Bernoulli Equation Calculator

Apply the steady, incompressible mechanical-energy balance between two points in a flow and solve for the downstream pressure P₂. The calculator accounts for changes in velocity head, elevation head, and friction (head loss) between the two stations, all in SI units.

Inputs
kg/m³
Pa
m/s
m
m/s
m
m
Downstream Pressure P₂
159.67 kPa
= 1.60e+5 Pa
Total Head at Point 1
20.59 m
H = P/ρg + v²/2g + z
Pressure Head (pt 1)
20.39 m
P₁ / (ρg)
Velocity Head (pt 1)
0.204 m
v₁² / (2g)
Elevation Head (pt 1)
0 m
z₁

About the Bernoulli Equation Calculator

Bernoulli's equation is the energy bookkeeping of fluid flow: along a streamline, the sum of pressure, kinetic, and potential energy per unit weight stays constant for an ideal fluid, and decreases by the friction loss for a real one. This calculator applies the steady, incompressible mechanical-energy balance between an upstream point 1 and a downstream point 2 and solves for the downstream pressure, showing how each form of head contributes.

The Bernoulli (mechanical energy) equation

In head form, P₁/(ρg) + v₁²/2g + z₁ = P₂/(ρg) + v₂²/2g + z₂ + h_loss. Each term has units of metres of fluid: P/(ρg) is the pressure head, v²/2g the velocity head, and z the elevation head. Rearranging for the downstream pressure gives P₂ = P₁ + ρg(z₁ − z₂) + (ρ/2)(v₁² − v₂²) − ρg·h_loss. Multiplying the head form by ρg recovers the pressure form, and multiplying by g gives the energy-per-mass form — all three are the same equation.

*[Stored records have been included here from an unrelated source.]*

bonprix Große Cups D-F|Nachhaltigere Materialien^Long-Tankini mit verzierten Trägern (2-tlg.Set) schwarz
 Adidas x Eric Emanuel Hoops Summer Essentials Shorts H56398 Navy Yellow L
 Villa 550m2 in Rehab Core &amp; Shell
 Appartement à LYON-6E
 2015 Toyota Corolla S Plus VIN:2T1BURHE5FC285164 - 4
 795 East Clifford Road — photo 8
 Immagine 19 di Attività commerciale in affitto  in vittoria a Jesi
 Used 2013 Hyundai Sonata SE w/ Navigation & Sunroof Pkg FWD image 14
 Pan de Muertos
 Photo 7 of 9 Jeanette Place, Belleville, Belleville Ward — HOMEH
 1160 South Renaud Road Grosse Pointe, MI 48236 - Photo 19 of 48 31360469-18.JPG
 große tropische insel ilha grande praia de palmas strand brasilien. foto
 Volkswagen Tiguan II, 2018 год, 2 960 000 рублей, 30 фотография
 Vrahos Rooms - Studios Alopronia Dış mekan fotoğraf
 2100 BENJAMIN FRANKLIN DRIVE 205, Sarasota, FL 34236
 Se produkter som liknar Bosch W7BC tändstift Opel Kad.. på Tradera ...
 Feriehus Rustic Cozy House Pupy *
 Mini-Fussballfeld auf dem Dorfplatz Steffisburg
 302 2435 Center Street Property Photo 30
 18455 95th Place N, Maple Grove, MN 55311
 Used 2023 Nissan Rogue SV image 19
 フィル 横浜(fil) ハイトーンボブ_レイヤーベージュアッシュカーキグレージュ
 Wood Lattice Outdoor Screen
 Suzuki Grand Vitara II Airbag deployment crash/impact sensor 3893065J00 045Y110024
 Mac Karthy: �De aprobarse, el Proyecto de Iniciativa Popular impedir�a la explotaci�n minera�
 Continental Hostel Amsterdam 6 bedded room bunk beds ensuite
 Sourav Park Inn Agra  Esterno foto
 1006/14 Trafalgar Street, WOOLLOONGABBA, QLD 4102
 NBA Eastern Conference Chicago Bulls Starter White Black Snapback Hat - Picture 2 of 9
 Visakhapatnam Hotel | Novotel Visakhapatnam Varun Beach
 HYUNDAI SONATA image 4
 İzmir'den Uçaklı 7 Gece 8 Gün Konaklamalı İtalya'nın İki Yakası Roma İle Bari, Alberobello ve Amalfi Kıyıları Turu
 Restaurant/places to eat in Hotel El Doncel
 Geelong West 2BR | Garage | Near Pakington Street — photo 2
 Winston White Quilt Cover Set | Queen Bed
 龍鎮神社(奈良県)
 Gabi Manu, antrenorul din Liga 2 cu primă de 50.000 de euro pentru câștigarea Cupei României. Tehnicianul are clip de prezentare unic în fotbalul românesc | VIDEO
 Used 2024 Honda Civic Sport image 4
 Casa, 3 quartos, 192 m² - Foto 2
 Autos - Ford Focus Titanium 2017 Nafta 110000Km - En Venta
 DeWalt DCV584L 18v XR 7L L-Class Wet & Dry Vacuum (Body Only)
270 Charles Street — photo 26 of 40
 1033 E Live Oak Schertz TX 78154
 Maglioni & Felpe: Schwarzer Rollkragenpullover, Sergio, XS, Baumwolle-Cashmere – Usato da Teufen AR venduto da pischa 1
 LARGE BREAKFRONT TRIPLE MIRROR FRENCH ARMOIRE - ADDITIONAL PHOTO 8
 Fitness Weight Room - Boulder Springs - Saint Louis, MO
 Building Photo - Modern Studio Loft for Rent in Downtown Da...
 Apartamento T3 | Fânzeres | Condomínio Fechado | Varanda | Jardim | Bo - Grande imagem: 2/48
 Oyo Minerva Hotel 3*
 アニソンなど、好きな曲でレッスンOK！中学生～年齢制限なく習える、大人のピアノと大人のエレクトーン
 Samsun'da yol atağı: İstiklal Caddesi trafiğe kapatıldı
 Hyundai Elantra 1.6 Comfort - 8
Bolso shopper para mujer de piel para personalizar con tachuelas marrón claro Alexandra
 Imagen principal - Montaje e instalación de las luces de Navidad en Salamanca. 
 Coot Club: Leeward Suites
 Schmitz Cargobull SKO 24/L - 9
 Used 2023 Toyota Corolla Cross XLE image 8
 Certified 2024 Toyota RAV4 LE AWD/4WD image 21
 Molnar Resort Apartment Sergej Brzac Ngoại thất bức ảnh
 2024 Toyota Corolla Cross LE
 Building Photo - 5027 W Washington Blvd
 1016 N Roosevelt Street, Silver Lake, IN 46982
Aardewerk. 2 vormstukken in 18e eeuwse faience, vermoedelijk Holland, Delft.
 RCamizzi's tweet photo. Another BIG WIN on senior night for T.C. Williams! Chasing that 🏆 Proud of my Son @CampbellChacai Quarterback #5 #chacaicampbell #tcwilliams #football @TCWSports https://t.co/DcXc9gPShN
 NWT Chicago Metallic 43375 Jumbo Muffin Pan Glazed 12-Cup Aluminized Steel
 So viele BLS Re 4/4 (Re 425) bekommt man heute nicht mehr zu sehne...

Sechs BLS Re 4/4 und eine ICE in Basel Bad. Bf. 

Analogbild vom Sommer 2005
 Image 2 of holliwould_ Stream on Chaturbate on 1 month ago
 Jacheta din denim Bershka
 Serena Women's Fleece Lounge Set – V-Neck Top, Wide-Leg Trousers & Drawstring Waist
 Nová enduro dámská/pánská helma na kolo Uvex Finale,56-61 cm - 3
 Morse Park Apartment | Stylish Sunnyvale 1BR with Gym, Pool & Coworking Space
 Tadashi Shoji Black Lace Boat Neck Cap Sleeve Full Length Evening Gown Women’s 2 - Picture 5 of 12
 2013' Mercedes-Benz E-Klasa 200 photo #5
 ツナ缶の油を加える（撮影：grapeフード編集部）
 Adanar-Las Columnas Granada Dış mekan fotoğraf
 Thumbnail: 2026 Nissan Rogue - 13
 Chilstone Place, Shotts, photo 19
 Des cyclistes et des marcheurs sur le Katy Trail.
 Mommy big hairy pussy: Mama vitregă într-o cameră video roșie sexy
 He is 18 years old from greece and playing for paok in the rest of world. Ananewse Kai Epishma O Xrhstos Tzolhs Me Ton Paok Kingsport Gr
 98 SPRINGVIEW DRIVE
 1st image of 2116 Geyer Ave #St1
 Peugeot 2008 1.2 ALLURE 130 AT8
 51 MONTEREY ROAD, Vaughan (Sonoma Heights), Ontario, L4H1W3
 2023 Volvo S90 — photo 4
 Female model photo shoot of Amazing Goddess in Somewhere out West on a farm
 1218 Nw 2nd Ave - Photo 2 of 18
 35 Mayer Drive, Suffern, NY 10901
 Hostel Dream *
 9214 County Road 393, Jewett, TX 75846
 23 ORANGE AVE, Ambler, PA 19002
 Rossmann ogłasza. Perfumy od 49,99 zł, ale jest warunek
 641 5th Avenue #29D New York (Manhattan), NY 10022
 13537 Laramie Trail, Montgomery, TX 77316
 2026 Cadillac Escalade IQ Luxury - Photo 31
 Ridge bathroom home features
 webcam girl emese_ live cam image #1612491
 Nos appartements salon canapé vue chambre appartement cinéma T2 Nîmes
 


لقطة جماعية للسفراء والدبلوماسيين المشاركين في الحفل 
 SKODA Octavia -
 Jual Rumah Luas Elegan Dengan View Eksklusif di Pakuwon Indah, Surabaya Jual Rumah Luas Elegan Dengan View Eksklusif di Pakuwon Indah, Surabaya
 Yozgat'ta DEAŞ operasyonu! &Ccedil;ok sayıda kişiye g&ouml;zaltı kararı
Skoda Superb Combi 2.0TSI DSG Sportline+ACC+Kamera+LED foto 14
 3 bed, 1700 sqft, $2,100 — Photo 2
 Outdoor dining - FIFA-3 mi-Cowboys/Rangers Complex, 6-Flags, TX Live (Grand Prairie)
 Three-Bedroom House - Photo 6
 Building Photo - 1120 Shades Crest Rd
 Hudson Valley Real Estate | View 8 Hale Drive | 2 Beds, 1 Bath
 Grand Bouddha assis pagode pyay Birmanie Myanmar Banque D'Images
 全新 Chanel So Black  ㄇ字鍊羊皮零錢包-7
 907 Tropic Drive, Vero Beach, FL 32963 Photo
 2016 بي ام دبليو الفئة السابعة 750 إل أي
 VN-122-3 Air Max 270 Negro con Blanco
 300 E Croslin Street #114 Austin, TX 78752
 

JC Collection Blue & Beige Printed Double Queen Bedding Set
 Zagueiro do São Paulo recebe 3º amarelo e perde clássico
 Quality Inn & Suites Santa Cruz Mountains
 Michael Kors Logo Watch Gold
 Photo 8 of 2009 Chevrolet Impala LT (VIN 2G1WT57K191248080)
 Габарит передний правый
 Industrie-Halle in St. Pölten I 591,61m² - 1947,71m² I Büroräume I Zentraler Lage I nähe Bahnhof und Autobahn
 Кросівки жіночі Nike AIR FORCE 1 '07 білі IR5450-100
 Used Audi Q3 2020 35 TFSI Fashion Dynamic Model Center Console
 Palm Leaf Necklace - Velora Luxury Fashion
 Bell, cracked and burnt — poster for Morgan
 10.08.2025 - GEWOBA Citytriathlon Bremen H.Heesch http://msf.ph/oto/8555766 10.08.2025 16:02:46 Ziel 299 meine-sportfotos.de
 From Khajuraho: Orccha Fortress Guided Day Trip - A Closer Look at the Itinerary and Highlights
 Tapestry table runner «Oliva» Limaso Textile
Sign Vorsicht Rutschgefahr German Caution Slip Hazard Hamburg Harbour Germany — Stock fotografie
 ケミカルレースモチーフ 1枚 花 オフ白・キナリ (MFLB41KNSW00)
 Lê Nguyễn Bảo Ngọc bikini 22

Assumptions behind the classic form

The frictionless Bernoulli equation assumes steady flow, incompressible fluid (constant ρ), flow along a single streamline, and no shaft work (no pump or turbine) between the two points. It also neglects viscous dissipation. These assumptions are reasonable for short, smooth runs of liquid or low-speed gas. When they fail — long pipes, fittings, pumps, or compressible high-speed gas — you must use the extended form or a full compressible analysis.

Pressure, velocity, and elevation head

The three heads trade off against one another. Where a pipe narrows, velocity head rises and pressure head must fall (the Venturi effect); where the line climbs, elevation head rises at the expense of pressure or velocity. The total head is conserved only when there is no loss. Reading the breakdown at point 1 makes it clear which form of energy dominates and how the redistribution drives the downstream pressure.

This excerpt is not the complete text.